Problem to work on: Everything in the data must be repeated exactly, apart from the pictures, which are left out.
※ ※ ※
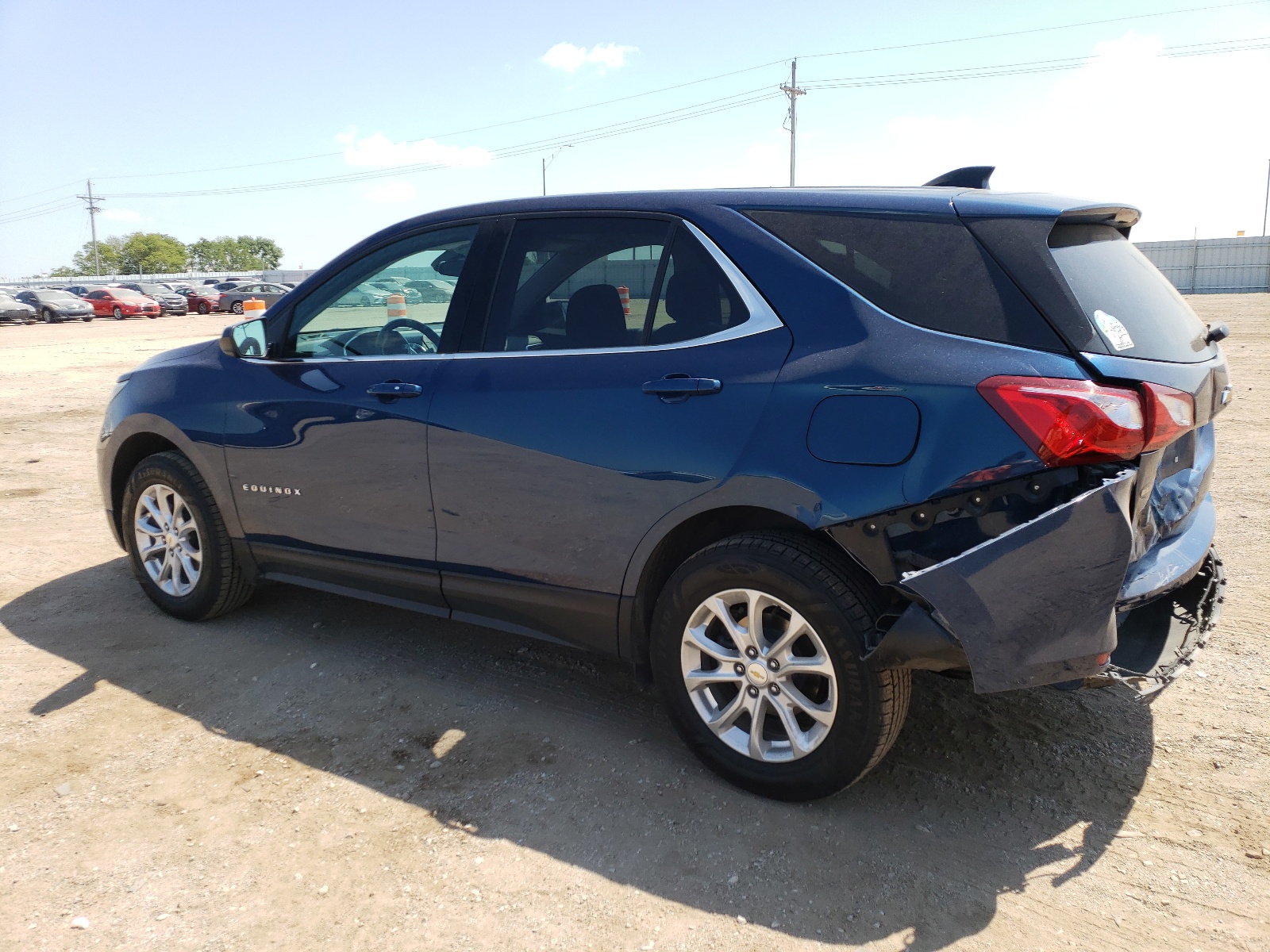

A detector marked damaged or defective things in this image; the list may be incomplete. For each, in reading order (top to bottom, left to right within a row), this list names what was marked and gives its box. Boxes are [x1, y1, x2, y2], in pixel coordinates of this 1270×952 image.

dented quarter panel [899, 472, 1137, 690]
damaged rear bumper [838, 472, 1224, 701]
torn bumper cover [864, 474, 1219, 695]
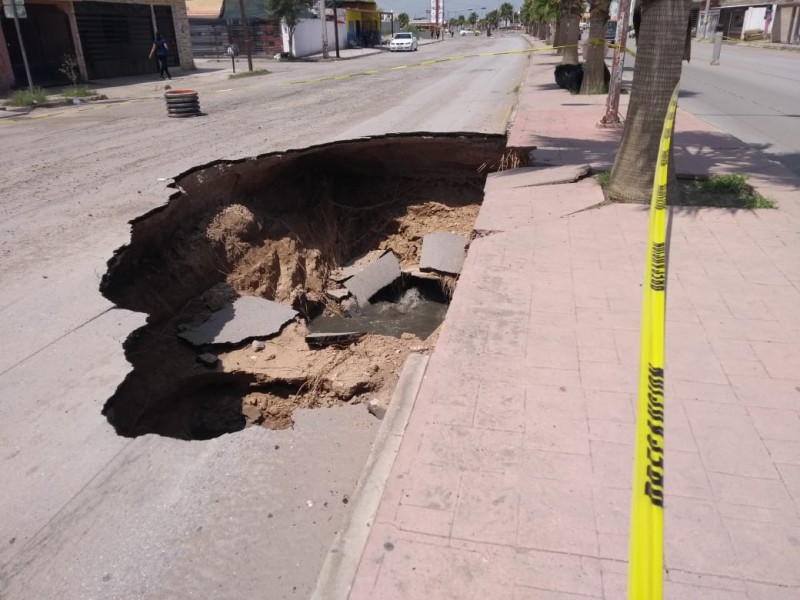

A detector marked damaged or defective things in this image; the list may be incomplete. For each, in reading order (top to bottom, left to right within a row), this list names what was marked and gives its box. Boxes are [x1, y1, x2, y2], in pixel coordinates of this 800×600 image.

broken asphalt slab [342, 250, 400, 304]
broken asphalt slab [418, 233, 468, 276]
broken asphalt slab [178, 296, 296, 344]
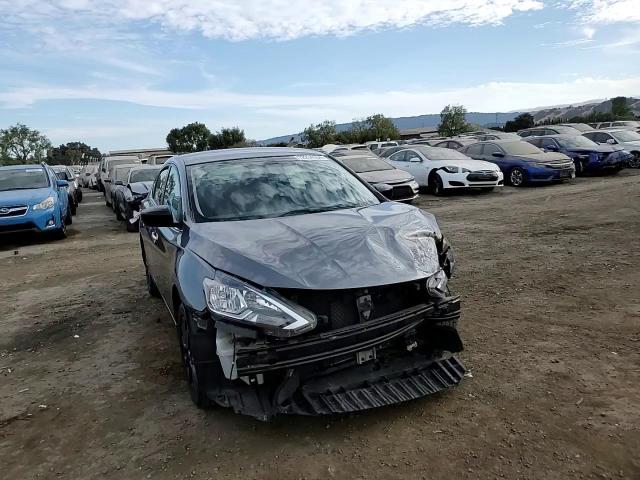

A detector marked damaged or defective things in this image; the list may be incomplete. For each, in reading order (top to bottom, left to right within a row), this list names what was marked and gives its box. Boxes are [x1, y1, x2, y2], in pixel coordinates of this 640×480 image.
※ ※ ※
Exercise response:
A detector marked damaged or defective things in this image; the list may be incomplete. For each, in reading order (top to bottom, left to right within a row), this list names what was marked and gives its box. Boxes are [x1, y1, x2, y2], in pixel coordinates of this 1270×952 image.

dented quarter panel [899, 472, 1137, 690]
damaged rear bumper [838, 472, 1224, 701]
torn bumper cover [864, 474, 1219, 695]

A detector marked damaged or defective things in this image; the list may be incomplete. For each, in reading order (top to bottom, left to right within a row), this list names what was marked and gives its box. Boxes are [x1, y1, x2, y2], in pixel coordinates of this 800×600 image.

broken asphalt slab [342, 250, 400, 304]
broken asphalt slab [418, 233, 468, 276]
broken asphalt slab [178, 296, 296, 344]

A detector marked damaged or defective things in this image; the list may be incomplete. For each, in reading order (top to bottom, left to right within a row), this list names what was marked and gives its box. Boxes are [x1, y1, x2, y2], in pixel coordinates of this 640×480 image.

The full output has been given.